La prescription doit être soulevée par les parties, elle ne peut être relevée d’office par un juge. Sauf renonciation, elle peut être opposée en tout état de cause, y compris en appel. Par ailleurs, seule une prescription acquise est susceptible de renonciation[22].

    • Point JP : la Cour d’appel qui, excipant d’office la prescription d’une action pour ne pas se prononcer sur un litige pendant devant elle, viole l’article 26 AU-DCG et expose sa décision à la cassation de la CCJA[23].

La renonciation à la prescription peut être expresse ou tacite, lorsqu’elle résulte de circonstances établissant sans équivoque la volonté de ne pas se prévaloir de la prescription. Celui qui ne peut exercer par lui-même ses droits ne peut renoncer seul à la prescription acquise. Enfin, toute personne ayant intérêt à ce que la prescription soit acquise peut l’opposer ou l’invoquer alors même que le débiteur y renonce.
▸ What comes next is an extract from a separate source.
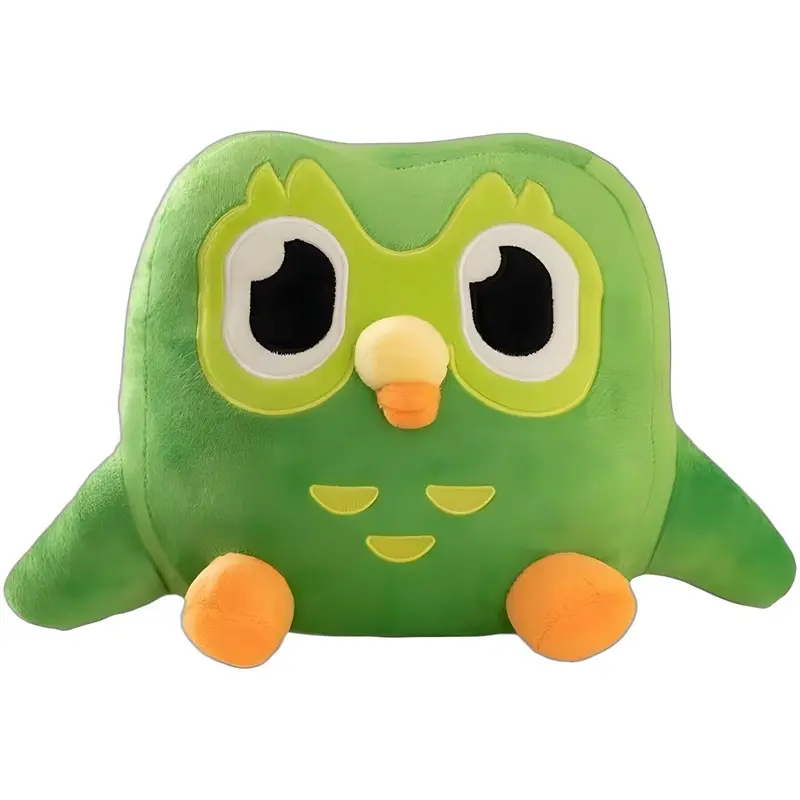 27CM kawaii Green Owl Plush Doll Cute Cartoon Animal Stuffed Soft Bird Toys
[1] Article 1 alinéa 3 AU-DCG.

[2] Il faut préciser que dans sa version de 1998, l’Acte Uniforme parlait de profession « habituelle ». La révision de 2010 a fait l’économie de l’adjectif épithète, peut-être pour faire rentrer sous sa loi le plus grand nombre de situations.

[3] Article 6 de l’AU-DCG.

[4] Article 9 de l’AU-DCG.

[5] Cour Commune de Justice et d’Arbitrage Arrêt 066/2021, Ste Arouane Services SARL c/ Ste Houma Ag Handaka SARL, 08 Avril 2021, Première ch.
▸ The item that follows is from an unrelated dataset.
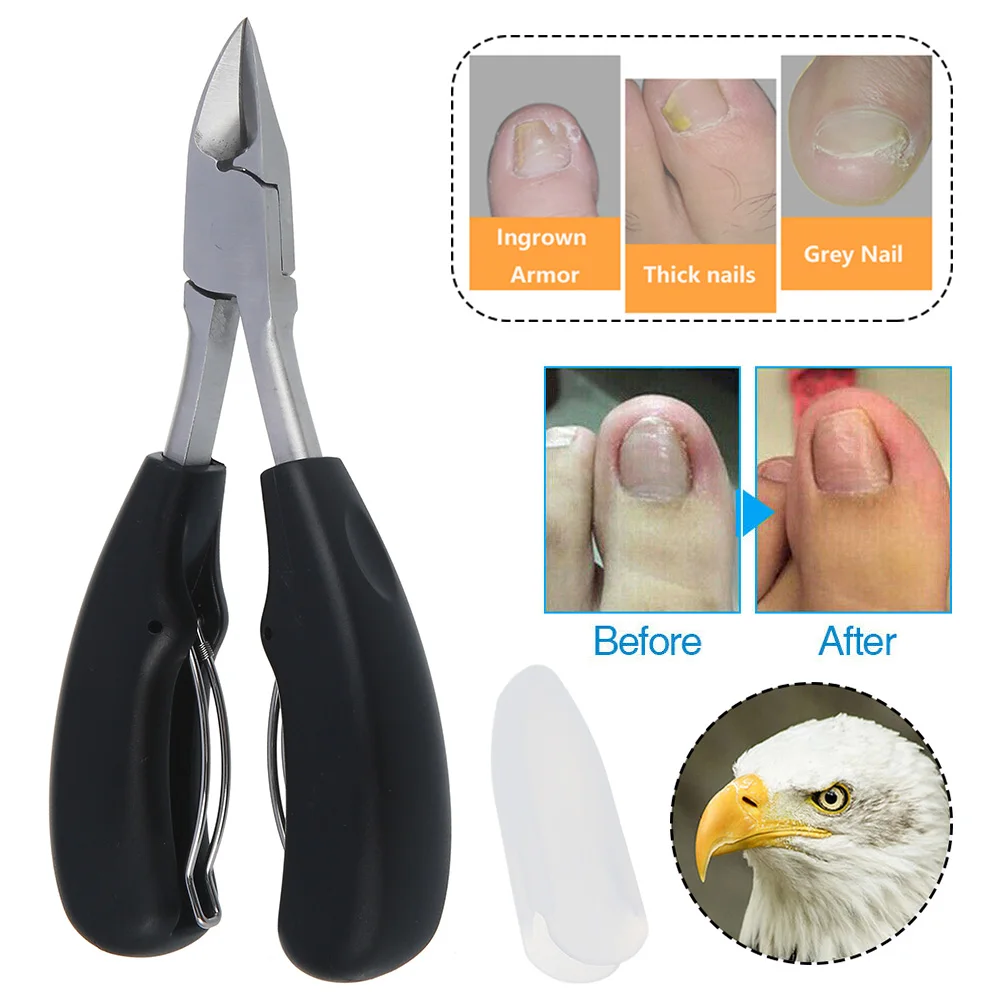 

Toe Nail Clippers Stainless Steel Toenail Ingrown Nail Art Nipper Paronychia Dead Skin Remover Cutter Trimming Pedicure Tool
[6] Article 10 de l’AU-DCG.

[7] Article 7 AU-DCG.

[8] Cf. articles 3 et 4 pour la liste de tous les actes énumérés par l’AU-DCG.

[9] Cour Commune de Justice et d’Arbitrage Arrêt 010/2022, Ste Ecobank CI vs Etat de Côte d’Ivoire, 27 Janvier 2022, Première Ch.
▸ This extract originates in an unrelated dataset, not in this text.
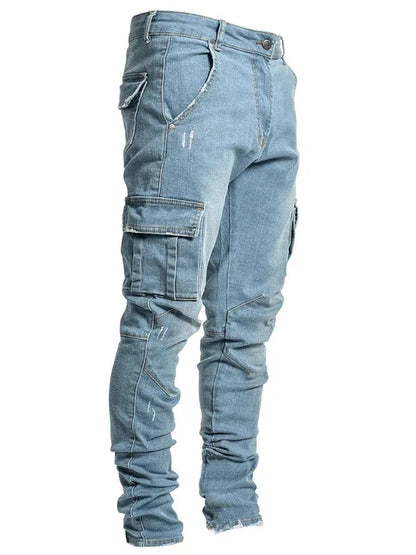 New Style Jeans Men's Side Pocket Skinny Jeans - Shello's Creative Boutique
[10] Cour Commune de Justice et d’Arbitrage, Arrêt 049/2020, Ste Ecobank Gabon SA c/ Ste M2A Groupe SARL, 27 Février 2020, Première ch.

[11] Il faut noter que la version originale de l’Acte Uniforme sur le Droit commercial Général énumérait ces livres : il s’agissait d’un journal enregistrant quotidiennement les opérations, le grand livre et le livre d’inventaire. La version modifiée en 2010 prend ses précautions en anticipant toute modification communautaire ou législative qui pourrait intervenir sans qu’il ne soit besoin de modifier l’Acte Uniforme.

[13] La version originale de 1998 de l’Acte Uniforme précisait que ces livres, lorsqu’ils étaient tenus conformément aux dispositions applicables pouvaient avoir une valeur probatoire entre commerçants.

[14] Art 16 AU-DCG.

[15] L’article 18 AU-DCG précise qu’en matière de forclusion, le point de départ est l’évènement que celle-ci détermine, qu’il soit ou non connu de celui qui aurait pu l’alléguer.

[16] Cour Commune de Justice et d’Arbitrage, Arrêt 200/2021, Ste Seniran Auto SA c/ Ste TSE Afrique SA, 25 Novembre 2021, Deuxième ch.

[17] Article 21 AU-DCG.

[18] Cour Commune de Justice et d’Arbitrage, Arrêt 014/2019, Yaye I. c/ Ste El Nasser, 24 Janvier 2019, Première ch.

[19] Article 25 AU-DCG.

[20] Cour Commune de Justice et d’Arbitrage, Arrêt 122/2022, Kalot c/ Société Sécurité & Services, 30 Juin 2022, Troisième ch.

[21] Cour Commune de Justice et d’Arbitrage, Arrêt 100/2021, Ste Ecobank CI c/ Consorts Consorts Savadogo27 Mai 2021, Première Ch.

[22] Article 28 AU-DCG.

[23] Cour Commune de Justice et d’Arbitrage, Arrêt 054/2021, Ste Total Senegal SA c/ Diene L., 25 Février 2021, Troisième ch.